I can still print to my Epson inkjet thru the 10.10 but not Samsung.

Samsung will print for a 13 Macbook Pro on 10.9 and a Mac Mini on 10.6

both the Espon inkjet and Samsung are usb through the Airport Base Station

tried looking @ cups but that is a bit above my comprehension level.

would prefer not to get new laser printer since this is working for the others

any ideas?


----------



## Cheryl (Jan 8, 2015)

After you upgraded, did you go to System Preferences>Printers and make sure all your printers were listed and connected? 
Did you check for printer driver updates - either through the App store or Apple’s download page?


----------



## ja2661 (Jan 8, 2015)

I have deleted and re-found both printers.  The inkjet is working without issue.  Samsung does not "really" support the 1740 printer and hasn't for awhile, but we have always found a driver for it one way or another.  we followed the same process to get a driver for the laptop running 10.9 (because it worked) on the 10.10 and yet it doesn't work.

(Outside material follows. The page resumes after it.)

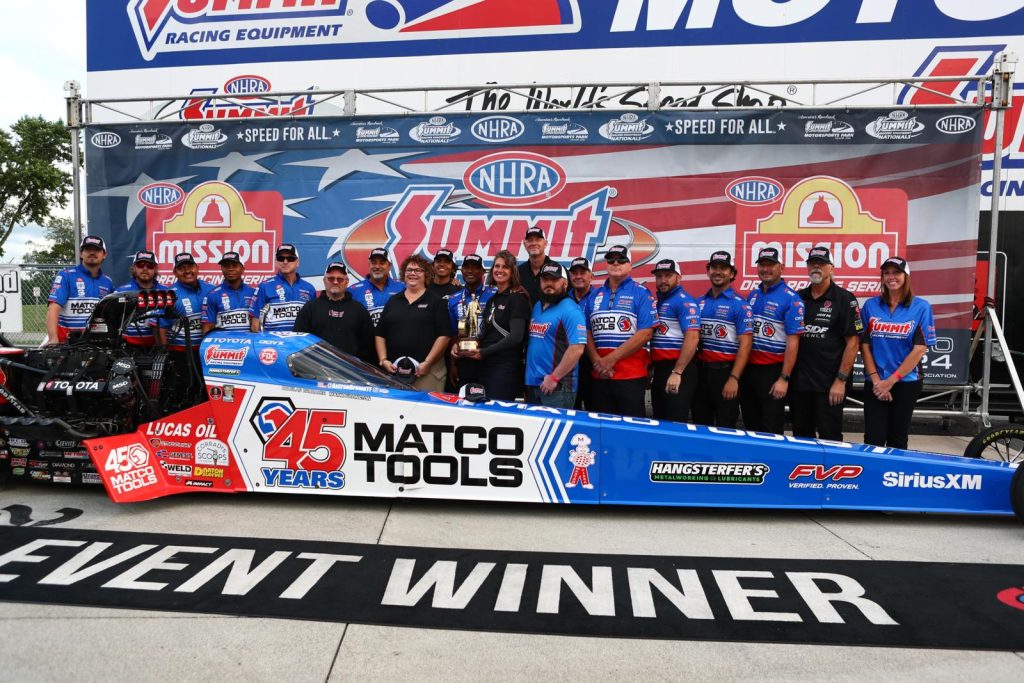 Top Fuel Driver Antron Brown in NHRA Winner's circle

system sees the printer, printer que shows that job is processing and then it disappears - it now says "filter failed" after the document does not print.


----------



## Cheryl (Jan 8, 2015)

Have you tried unplugging the usb, then plugging it back in? Have you tried plugging the Samsung direct to your computer? Some printers will not work unless it connects wired to the computer first.


----------



## ja2661 (Jan 8, 2015)

I plugged the samsung printer directly into the laptop and still the same results - filter failed error message


----------



## Cheryl (Jan 9, 2015)

Then you can’t use that printer on that machine. 10.10 doesn’t like it.


----------



## ja2661 (Jan 9, 2015)

Yeaaaaaaa - trying to avoid that realization - thanks for trying to help


----------



## ja2661 (Jan 9, 2015)

found this nugget on mac forums - ran the commands to open the files, copied files into the other file and then tried a test page - Error message said "would you like to repair permissions?" clicked yes and the samsung printed

>>>>>>>>
I had a similar problem with my HP PSC750 supplied with a levelone wlan print server. 
The problem ist simply the sandboxing of yosemite. The whole foomatic-software including hpijs and gostscript is normally installed in /usr/local/bin, where cups has no access in yosemite. I solved the problem by copying the whole content of /usr/local/bin into /usr/libexec/cups/filter. In this directory you must remove the link to foomatic-rip in /usr/local/bin before.

example:

cd /usr/libexec/cups/filter
sudo rm foomatic-rip

cd /usr/local/bin
sudo cp * /usr/libexec/cups/filter

(if you have installed a lot of other software in /usr/local/bin, it is better not to copy all files, of course)
<<<<<<<<<<


----------